Dentro de esta libertad creativa que parece regir la filosofía profesional de Mandico, y que le permite reinventar algunos episodios vitales como respuestas a varias de las obsesiones del Borowczyk cineasta (por ejemplo, el ardor animal del padre o los flirteos con el bestialismo de la madre como fuentes de inspiración para La bête, su mejor y más emblemática película), destaca la decisión de imaginar al protagonista como un ser atrapado en una caja con un único agujero en su superficie, que supondrá, a su vez, su único contacto visual con el mundo. La idea sugiere un doble paralelismo, que en el fondo es uno solo: Walerian en la caja como explicación a la génesis de su cinefilia (¿qué es el cinematógrafo, sino una caja a través de cuyo orificio asistimos a la realidad?), y Walerian como eterno voyeur, ser sin rostro condenado a espiar lo que está fuera de sus dominios, desde la sombra. Esta doble condición, de voyeur y de cámara ambulante, entronca directamente con la cualidad más definitoria de su carácter, la que gobierna y define tanto su vida como su obra: el erotismo, la fascinación por el arcano femenino, por lo carnal. Ante ello, Mandico decide marginar en cierto modo otras caras del poliedro Borowzcyk: su interés por el dibujo y el grafismo (se echa un poco en falta algo más de información sobre su relación con Jan Lenica, ambos figuras destacadas de la vanguardia animada europea durante la segunda mitad del siglo XX) o su relación con su país y con la guerra, de la que se infiere cierto desencanto pero sin demasiada claridad.

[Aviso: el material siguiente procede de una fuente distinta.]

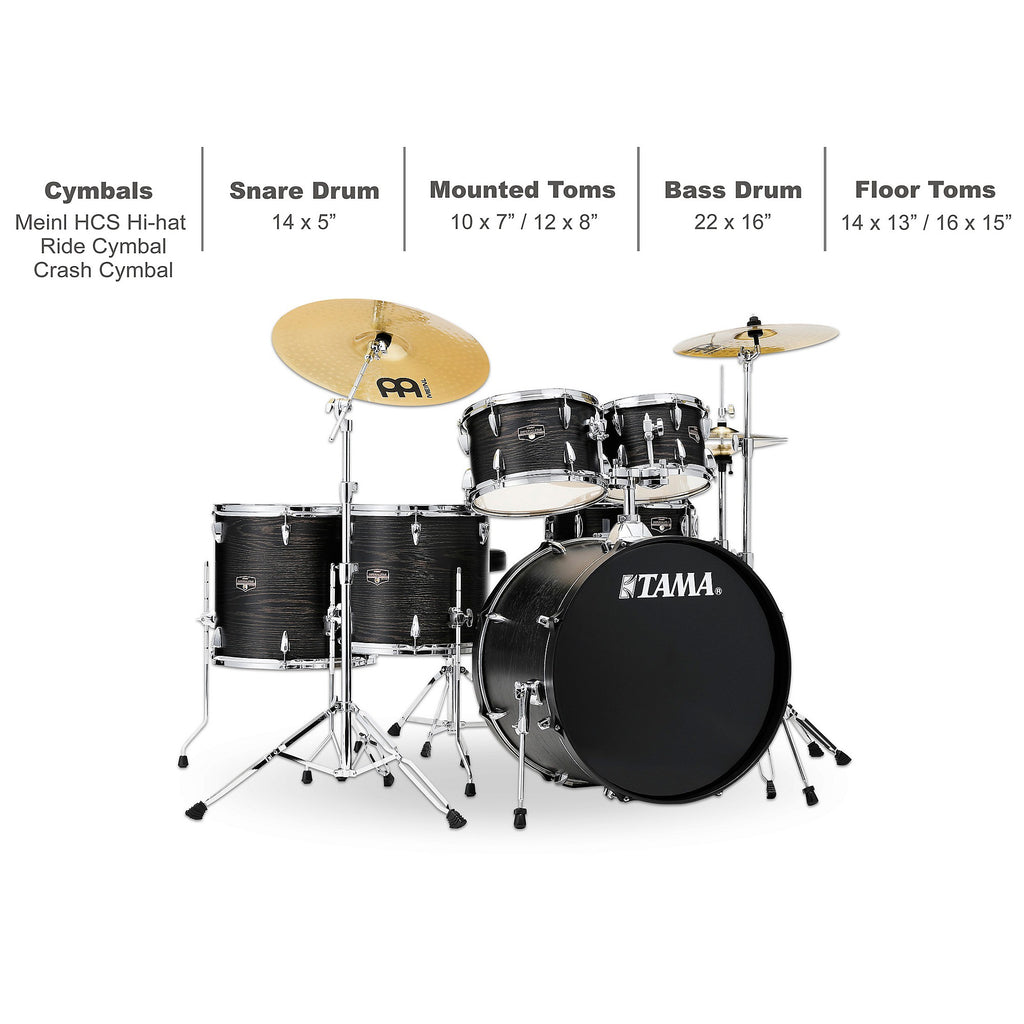 TAMA Imperialstar 6-Piece Complete Drum Set With MEINL HCS Cymbals and 22-inch Bass Drum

No obstante lo cual, la película (estructurada en orden tanto cronológico como alfabético) permite obtener una panorámica precisa del personaje, con frecuencia a través de fugaces instantes de vida en cuya aparente insignificancia reside realmente aquello que moldeó su personalidad y orientó su carrera cinematográfica, hasta alcanzar su centro en la práctica cuasi ritual del erotismo, alrededor del cual orbitó toda su obra. Una obra que, como decimos, se entregó a la contemplación de la mujer y a los placeres polimórficos de la carne, y que, pese a lastrarse progresivamente por una pereza creativa desafortunada, albergaba en su interior el espíritu y la verdad de un artista siempre fiel a sí mismo, a quien Mandico rinde ahora tributo de forma tan libre como estimulante.